Suggested Planting Instructions

Chufas are easy to grow and require almost the same care as corn. We suggest that chufa plots be no less than 1 acre in size and preferably 2 to 5 acres each.  Smaller plots are possible under some conditions.  Very small plots may be damaged or destroyed by raccoons, squirrels, crows, skunks, deer or any combination thereof. Deer and squirrels will eat the tubers if they are exposed.  Raccoons, crows and skunks will dig up young plants to eat the tubers.  Plant plenty for them all, or check your state trapping laws for predator control.

To maintain healthy turkey flocks and deer herds we suggest you plant 5% (5 acres per 100) of the total woodlands in food plots with 40% to 50% being chufas, the remainder in winter grains and clovers.  When your acreage decision is made, order one bushel of chufa seed (40 lbs.) per acre.

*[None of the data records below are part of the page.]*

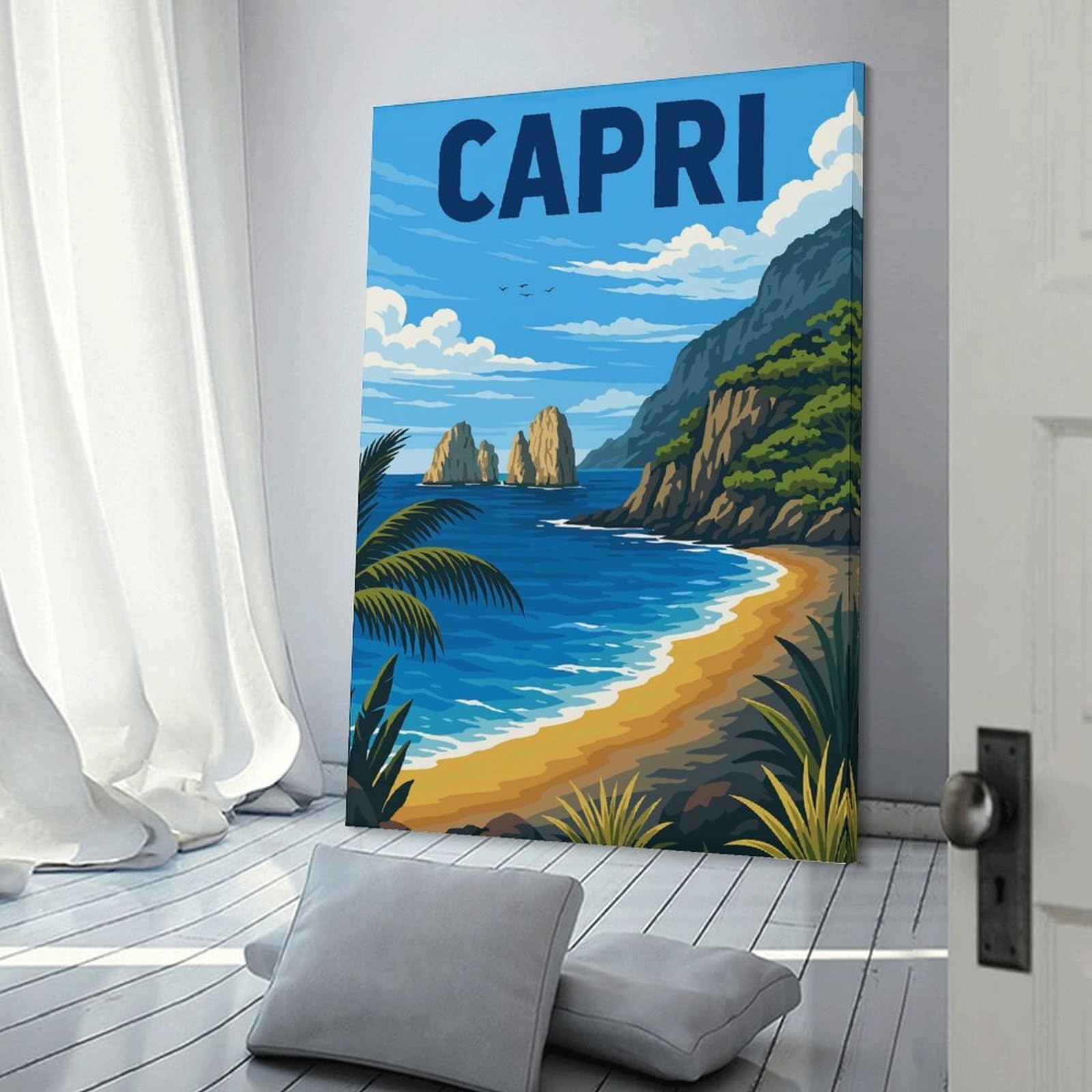 Junmoney Capri Italy Island Canvas Wall Picture 20x30inch(50x75cm), for Study, Office Or Focused Interiors, Home Office Artwork with Decorative Appeal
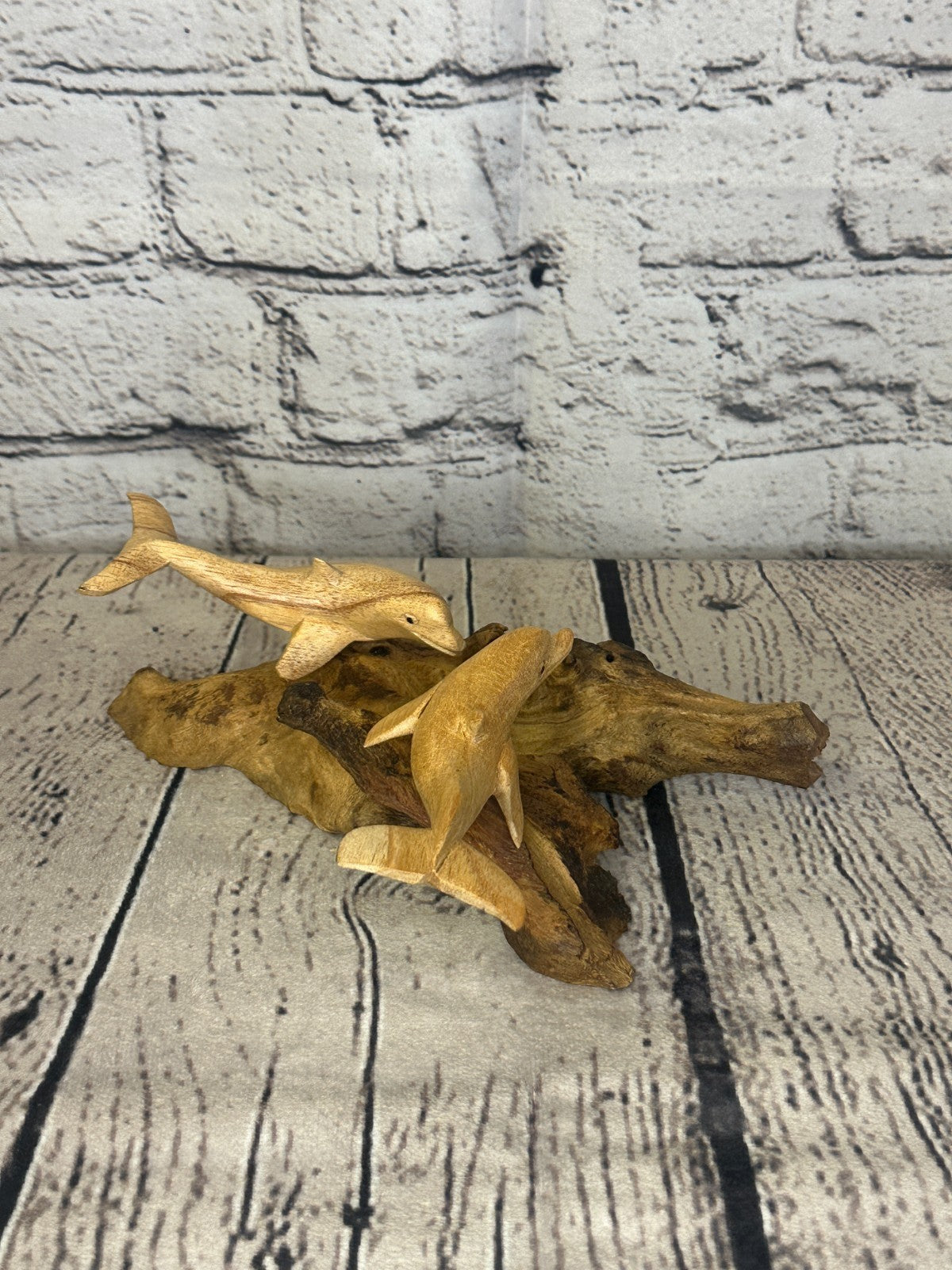 20cm Double Dolphin Mushroom Parasite Ornament Natural Carving Fairtrade Wooden3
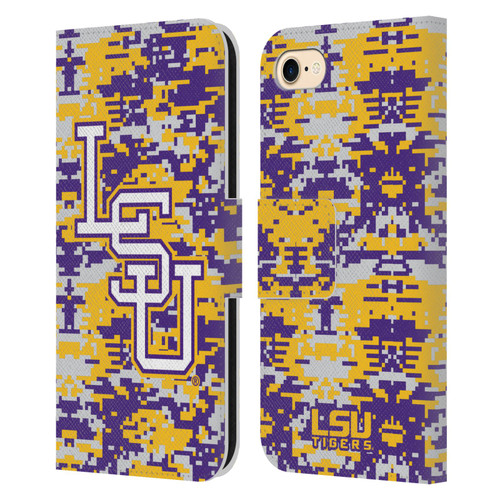 Louisiana State University LSU Louisiana State University Digital Camouflage Leather Book Wallet Case Cover For Apple iPhone 7 / 8 / SE 2020 & 2022
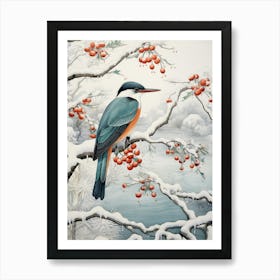 Winter Bird Painting Kingfisher 3 Art Print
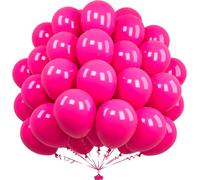 Hot Pink Balloons, 50 Pieces 12 Inch Matte Hot Pink Balloons, Red Pink Latex Balloons For Women Girls Bridal Shower Wedding Valentine'S Day Birthday Decorations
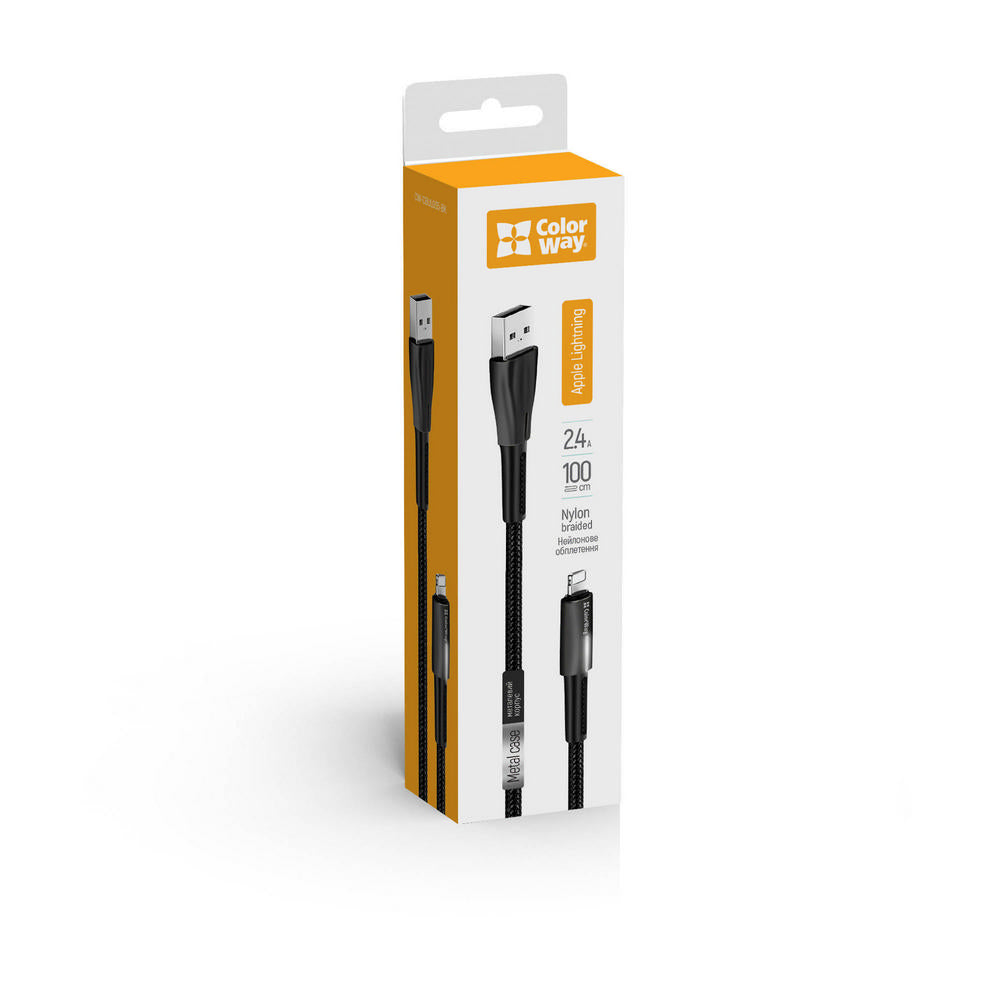 Kabel za podatke i punjenje USB-A - Lightning ColorWay CW-CBUL035, 18W, 1m, Crni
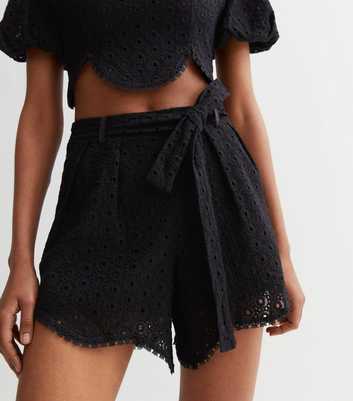 Cameo Rose Black Broderie High Waist Belted Shorts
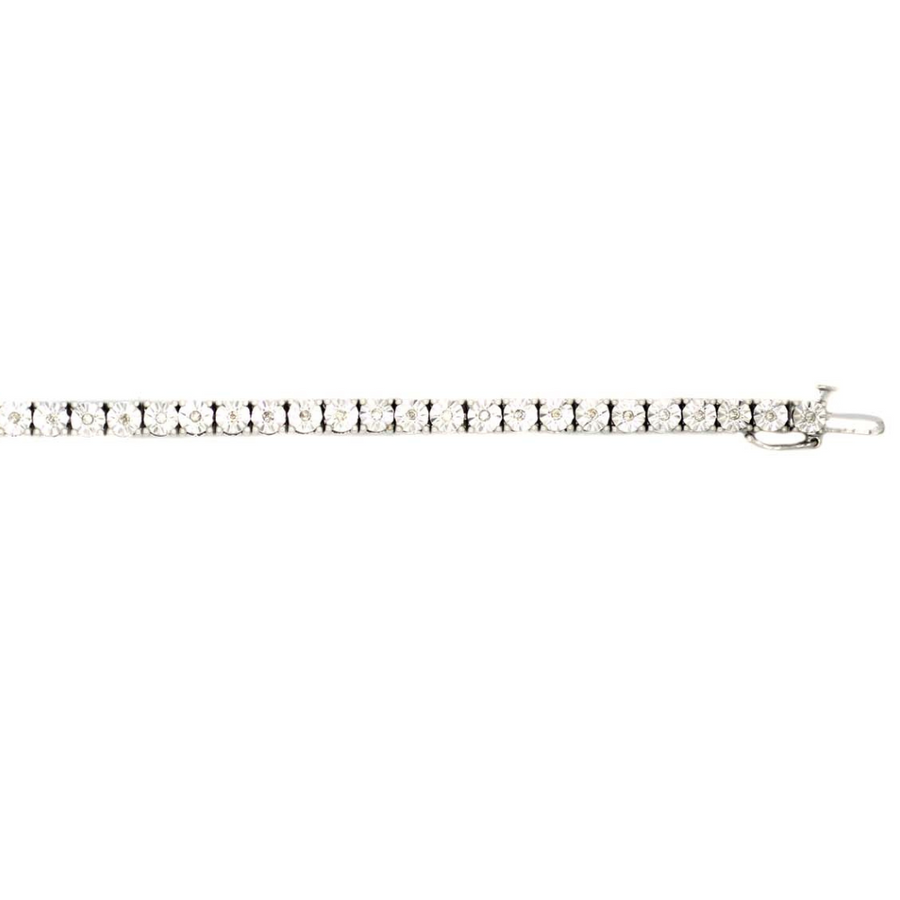 9k WG Diamond set Tennis Bracelet 4.7mm wide 19cm Illusion set with 43D=0.43ct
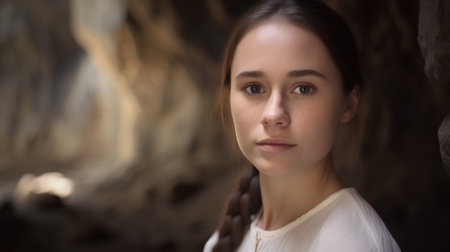 Portrait of a beautiful young woman in a cave. Shallow depth of field.の素材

Planting time must allow 90-100 days of frost free growing time.

Plant chufas in Northwest Florida from April to early August.  Earlier plantings seem to produce higher yields but require more cultivation or chemical herbicide protection.  Later plantings tend to last longer into the next winter, which is what this is all about.  You make the choice...except in the years when Mother Nature dictates when to plant...pretty much every year, lately.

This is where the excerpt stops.